■ **WORK REQUEST**
The answer must be the lines from the one that holds "Abaya rouge perlée" through the final line of the data, copied exactly, with no pictures.

====== MATERIAL PROVIDED

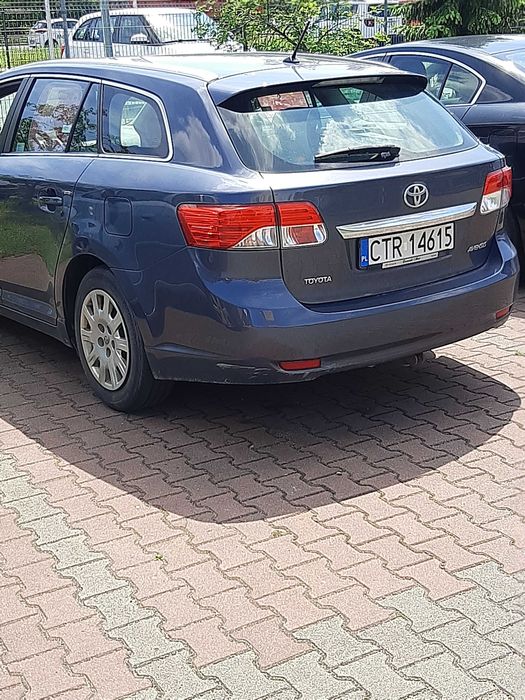 Sprzedam Toyotę Avensis T27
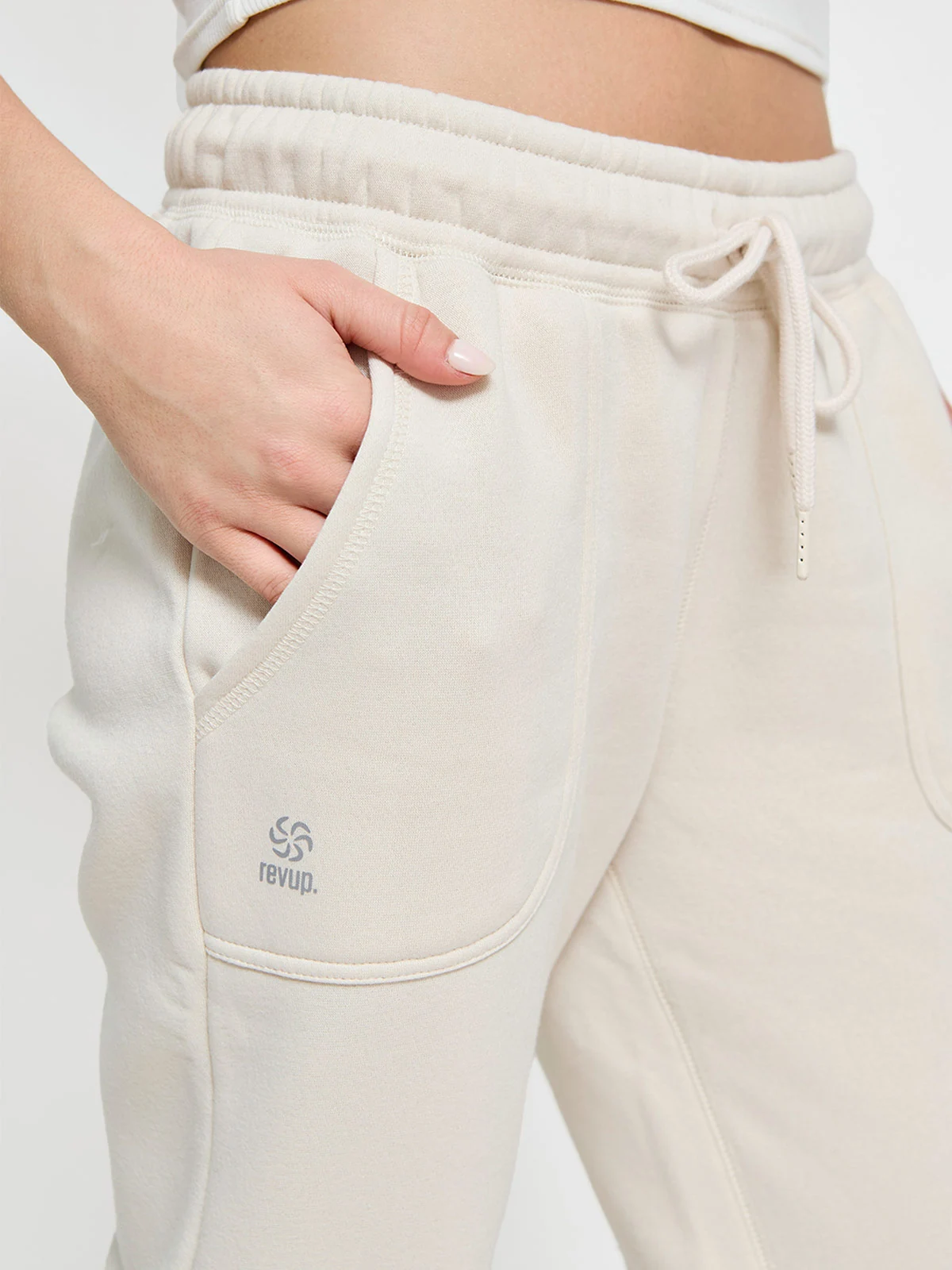 PANTALÓN BUZO MUJER REVUP REGULAR SS26 - 4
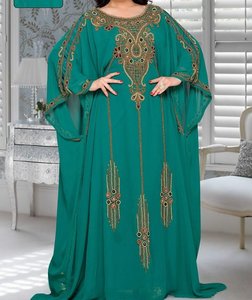 Abaya rouge perlée en polyester pour femmes adultes, décontractée, longue jusqu'au sol, à manches longues, col montant, modeste, pour soirée, grande taille, Moyen-Orient - Product Image 3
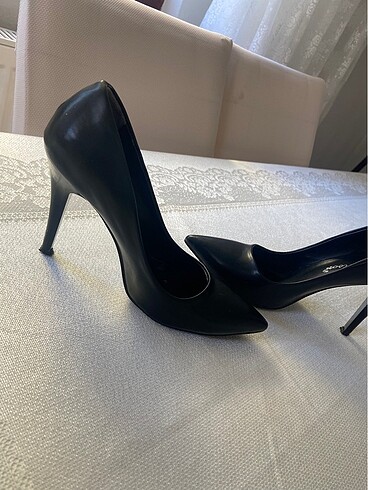 38 Beden Stiletto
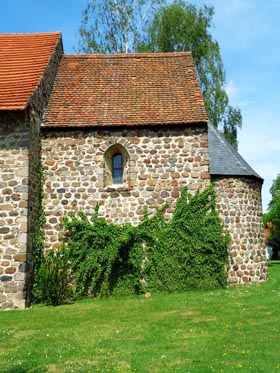 tl_files/Fotos/Altmark/Winterfeld-Feldsteinkirche-Chor-und-Apsis-IMG-1401.jpg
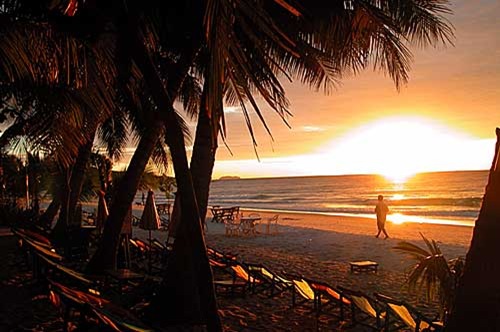 ko-samet-beach-sunrise ko-samet-beach-sunrise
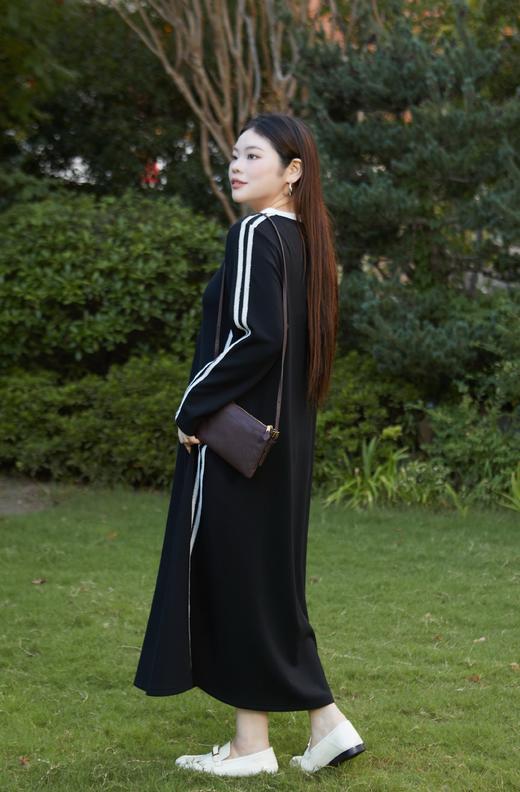 【撞色连衣裙】秋季最舒适的长袖连衣裙~穿得舒适又得体，轻松驾驭日常场合，面料透气、亲肤、排汗，有弹力，行动不拘束，空气层面料，成分：50%聚酯纤维，46.4%粘纤，3.6%氨纶；拼接：100%聚酯纤维 商品图8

============

■ **EXERCISE OUTPUT**
 Abaya rouge perlée en polyester pour femmes adultes, décontractée, longue jusqu'au sol, à manches longues, col montant, modeste, pour soirée, grande taille, Moyen-Orient - Product Image 3
 38 Beden Stiletto
 tl_files/Fotos/Altmark/Winterfeld-Feldsteinkirche-Chor-und-Apsis-IMG-1401.jpg
 ko-samet-beach-sunrise ko-samet-beach-sunrise
 【撞色连衣裙】秋季最舒适的长袖连衣裙~穿得舒适又得体，轻松驾驭日常场合，面料透气、亲肤、排汗，有弹力，行动不拘束，空气层面料，成分：50%聚酯纤维，46.4%粘纤，3.6%氨纶；拼接：100%聚酯纤维 商品图8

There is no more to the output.